* To do *
Print the lines that run from the line with "V-Ausschnitt Pullunder -Damenbekleidungs" to the line with "Kia Sportage 1.6 GDI 2WD Black Edition - 10", keeping both end lines, exactly as they appear in the entries below, and nothing else.

################

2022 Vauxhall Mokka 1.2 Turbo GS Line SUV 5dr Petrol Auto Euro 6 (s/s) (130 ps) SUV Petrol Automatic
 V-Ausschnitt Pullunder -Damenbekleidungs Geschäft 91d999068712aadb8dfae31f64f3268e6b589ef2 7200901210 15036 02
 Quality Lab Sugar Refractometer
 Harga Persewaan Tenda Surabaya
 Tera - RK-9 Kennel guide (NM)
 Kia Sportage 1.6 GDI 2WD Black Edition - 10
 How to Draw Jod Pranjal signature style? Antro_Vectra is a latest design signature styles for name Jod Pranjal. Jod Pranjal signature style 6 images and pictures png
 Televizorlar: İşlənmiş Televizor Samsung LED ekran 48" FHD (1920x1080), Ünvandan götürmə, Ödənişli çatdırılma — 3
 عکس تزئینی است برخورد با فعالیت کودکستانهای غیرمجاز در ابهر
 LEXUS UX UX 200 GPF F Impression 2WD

################

* Answer space *
 V-Ausschnitt Pullunder -Damenbekleidungs Geschäft 91d999068712aadb8dfae31f64f3268e6b589ef2 7200901210 15036 02
 Quality Lab Sugar Refractometer
 Harga Persewaan Tenda Surabaya
 Tera - RK-9 Kennel guide (NM)
 Kia Sportage 1.6 GDI 2WD Black Edition - 10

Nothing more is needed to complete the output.